• About this task: Pictures aside, print all of the data below exactly as written.

• Supplied material:
____
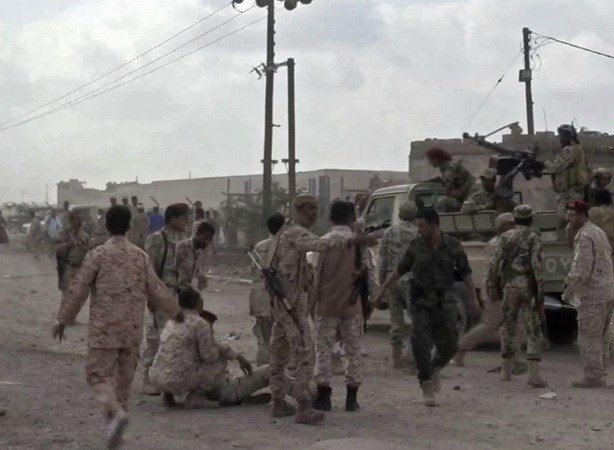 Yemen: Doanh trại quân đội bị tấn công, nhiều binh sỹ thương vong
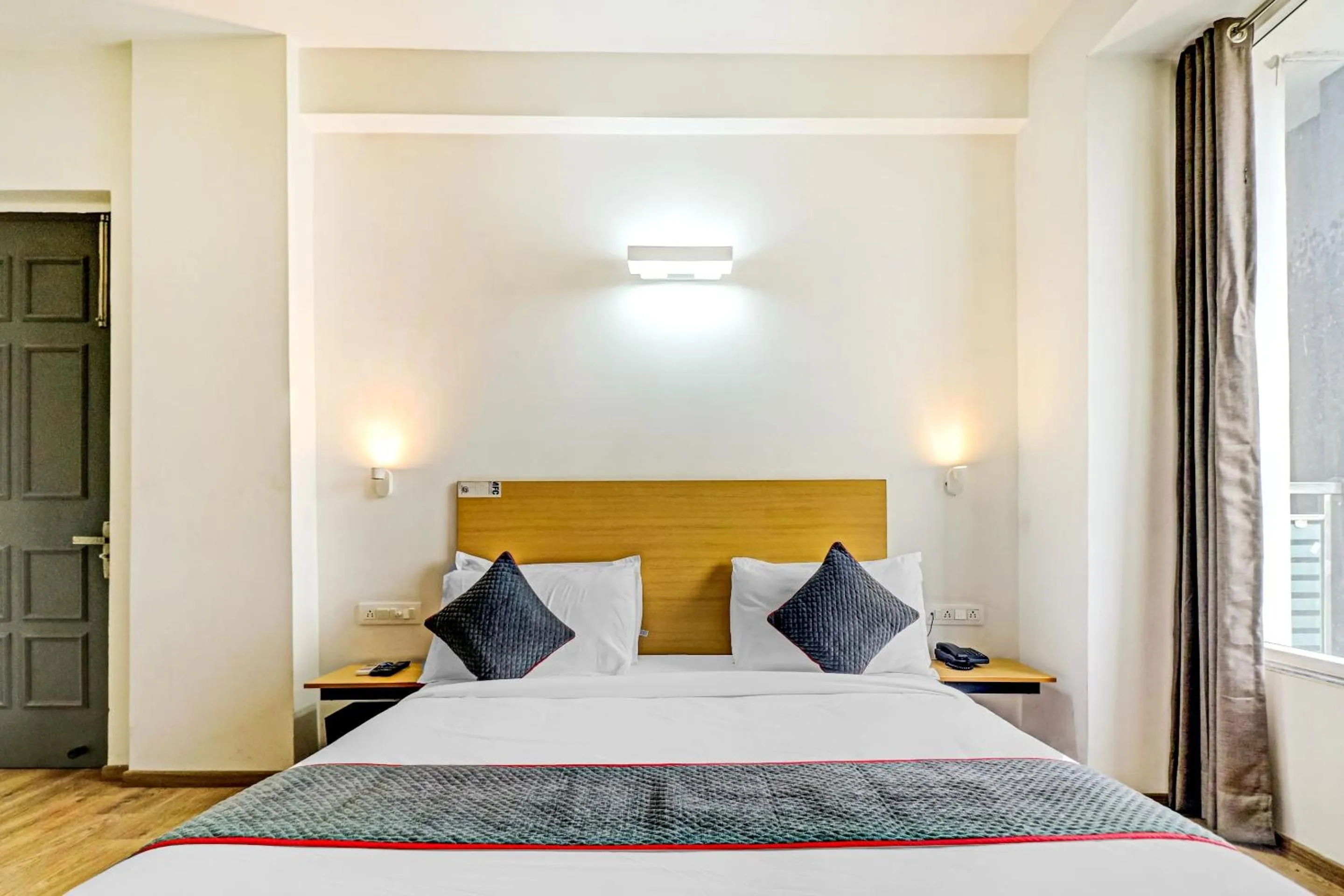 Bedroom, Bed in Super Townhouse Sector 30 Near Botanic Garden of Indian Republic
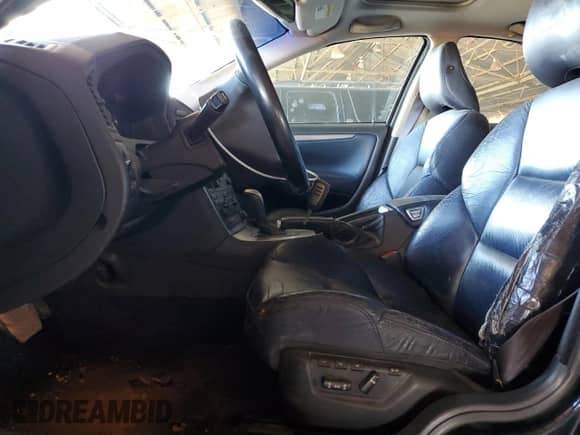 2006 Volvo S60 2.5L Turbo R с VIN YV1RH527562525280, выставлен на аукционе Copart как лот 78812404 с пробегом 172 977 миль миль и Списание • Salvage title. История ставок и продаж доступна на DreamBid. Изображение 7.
____
• Response to this task:
 Yemen: Doanh trại quân đội bị tấn công, nhiều binh sỹ thương vong
 Bedroom, Bed in Super Townhouse Sector 30 Near Botanic Garden of Indian Republic
 2006 Volvo S60 2.5L Turbo R с VIN YV1RH527562525280, выставлен на аукционе Copart как лот 78812404 с пробегом 172 977 миль миль и Списание • Salvage title. История ставок и продаж доступна на DreamBid. Изображение 7.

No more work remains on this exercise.